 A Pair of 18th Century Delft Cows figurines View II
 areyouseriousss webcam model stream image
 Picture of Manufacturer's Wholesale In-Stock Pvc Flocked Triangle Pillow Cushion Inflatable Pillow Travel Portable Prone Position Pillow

HOW TO COMPLETE THIS TASK
In full and word for word, write out the data above.

EXERCISE RESPONSE
 A Pair of 18th Century Delft Cows figurines View II
 areyouseriousss webcam model stream image
 Picture of Manufacturer's Wholesale In-Stock Pvc Flocked Triangle Pillow Cushion Inflatable Pillow Travel Portable Prone Position Pillow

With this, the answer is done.